Filtering Records to Process within a Batch Step Component

You can apply one or more record filters as attributes to any number of Batch Step components. For example, assume that the first Batch Step component within a given Batch Job component checks for a Salesforce contact in each record and the second updates the contact information in those records. To ensure that the second Batch Step processes only records that succeeded in the first step, you can configure a filter on the second Batch Step. The filter streamlines processing so that Mule focuses on only the relevant data for a given step.

To filter records, the Batch Step component supports one acceptExpression and one acceptPolicy. Both are optional, and no other Mule components accept these filters. If you use both filters on the same component, Mule evaluates the filters in the following order:

Accept Policy: acceptExpression
Accept Expression: acceptPolicy

A Batch Step component that uses an acceptExpression attribute applies a DataWeave expression to each record that reaches the component and accepts a record for processing within the component only if the expression evaluates to true for that record. If the record evaluates to false, the Batch Step component skips the record, and that record becomes available to the next Batch Step component within the Batch Job component if one exists.

The example below filters out all records in which the age value is less than 21:

<batch:job jobName="batchJob">
  <batch:process-records >
    <batch:step name="adultsOnlyStep" acceptExpression="#[payload.age > 21]">
      ...
    </batch:step>
  </batch:process-records>
</batch:job>

A Batch Step component uses an acceptPolicy attribute to apply a policy to records processed in a previous Batch Step component. The Batch Step accepts a record for processing within the component only if the policy evaluates to true for that record. The default policy is NO_FAILURES. Other policies are ONLY_FAILURES and ALL. For descriptions of these policies, see Batch Step Component (<batch:step/>).
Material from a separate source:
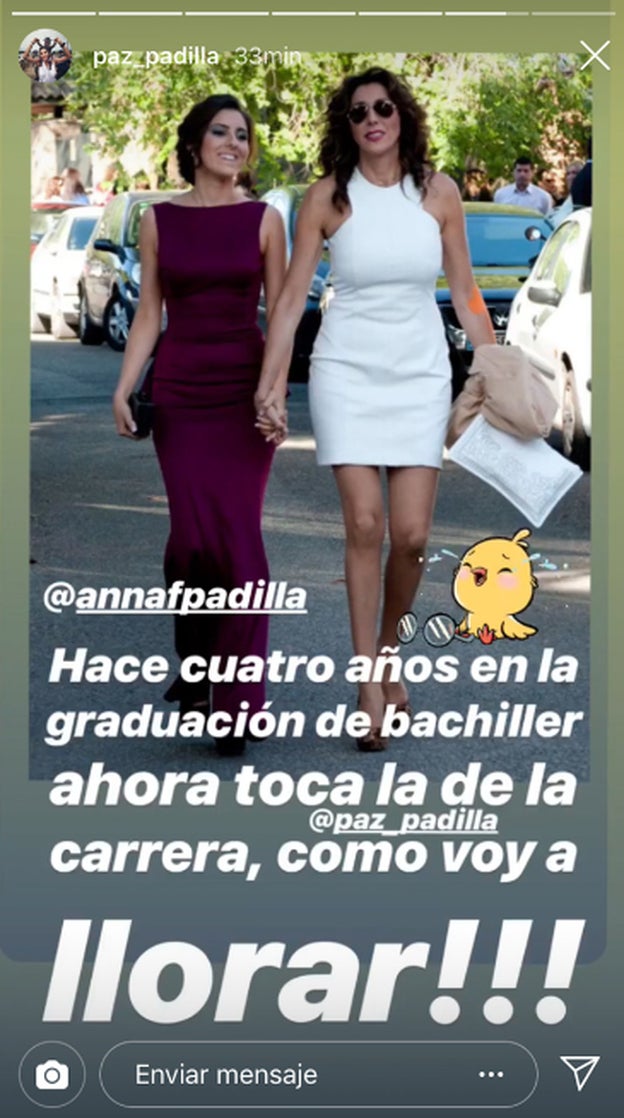 Anna y Paz Padilla en la graduación de bachillerato.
In the following example, the second Batch Step component (batchStep2) accepts only those records that failed to process successfully during the preceding step (batchStep1). For example, assume processors within batchStep1 check each record for a Salesforce contact. If the check fails to find a contact, batchStep2 accepts only those records without contacts, skipping records with contacts. Message processors within batchStep2 can add a contact to those records.
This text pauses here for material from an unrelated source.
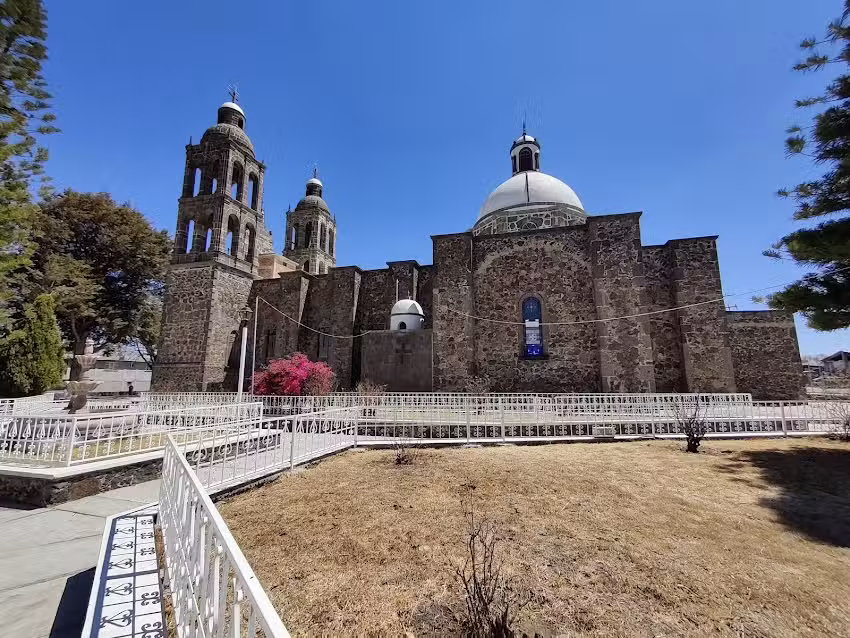 Iglesia de Salto de Le&oacute;n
<batch:job jobName="batchJob">
  <batch:process-records >
	  <batch:step name="batchStep1" >
      <!-- Check for contact -->
		  ...
    </batch:step>
    <batch:step name="batchStep2" accept-policy="ONLY_FAILURES">
      <!-- Accept records that failed -->
		  ...
    </batch:step>
  </batch:process-records>
</batch:job>

For demonstration purposes, the following example uses the Raise Error component (<raise-error />) to produce failures in the first Batch Step (batchStep1). The second Batch Step (batchStep2) accepts failed records only (ONLY_FAILURES) and logs the payload of those records. The third uses the default acceptPolicy to accept NO_FAILURES.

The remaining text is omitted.